Lotte’s Koala March are “chocolate crème filled cookies” that can be found in Asian grocery stores in America. I recently got a free box from the folks at MunchPak, along with Koala March competitors Hello Panda (which I will review later).
The pillow-shaped cookies are imprinted with adorable pictures of koalas in various garbs and doing different activities. The biscuit portion was dry, crunchy, and airy, with just the barest hint of sweetness.
Each hollow cookie had chocolate in its center. Though it was depicted as limpid on the package, the chocolate filling wasn’t quite so fluid in reality. Instead, it was softer than solid chocolate but not quite a ganache, and it tasted of lightly semisweet chocolate.

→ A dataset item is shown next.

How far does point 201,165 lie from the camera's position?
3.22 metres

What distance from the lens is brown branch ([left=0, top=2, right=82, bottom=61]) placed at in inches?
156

The mix of crunchy plain biscuit and semisweet soft chocolate was quite tasty, and it was fun to look at the different koalas and try to guess what they were doing. Where is the be-suited koala off to, I wonder? An OM.
Though I could do without the silly “trading cards” that were built into the packaging:
This box of Lotte Sasha Chocolate is the last of my Asian goodies from Emma and Jason. No worries if you want to read more Asian candy reviews here – I’ve still got a few more Japanese treats from Nana and Justin to write up.
A quick googling shows that Sasha Chocolate refers to the unique and pretty way Lotte’s chosen to package this chocolate. My box had 16 individually wrapped rectangles made of wavy chocolate stripes of green, brown, and white.
I’m only guessing that these are matcha flavored. I recognized the character for tea on the box, and they’ve got that distinctive pea green color of matcha. Plus they’re from Japan, so matcha seems like a good educated guess.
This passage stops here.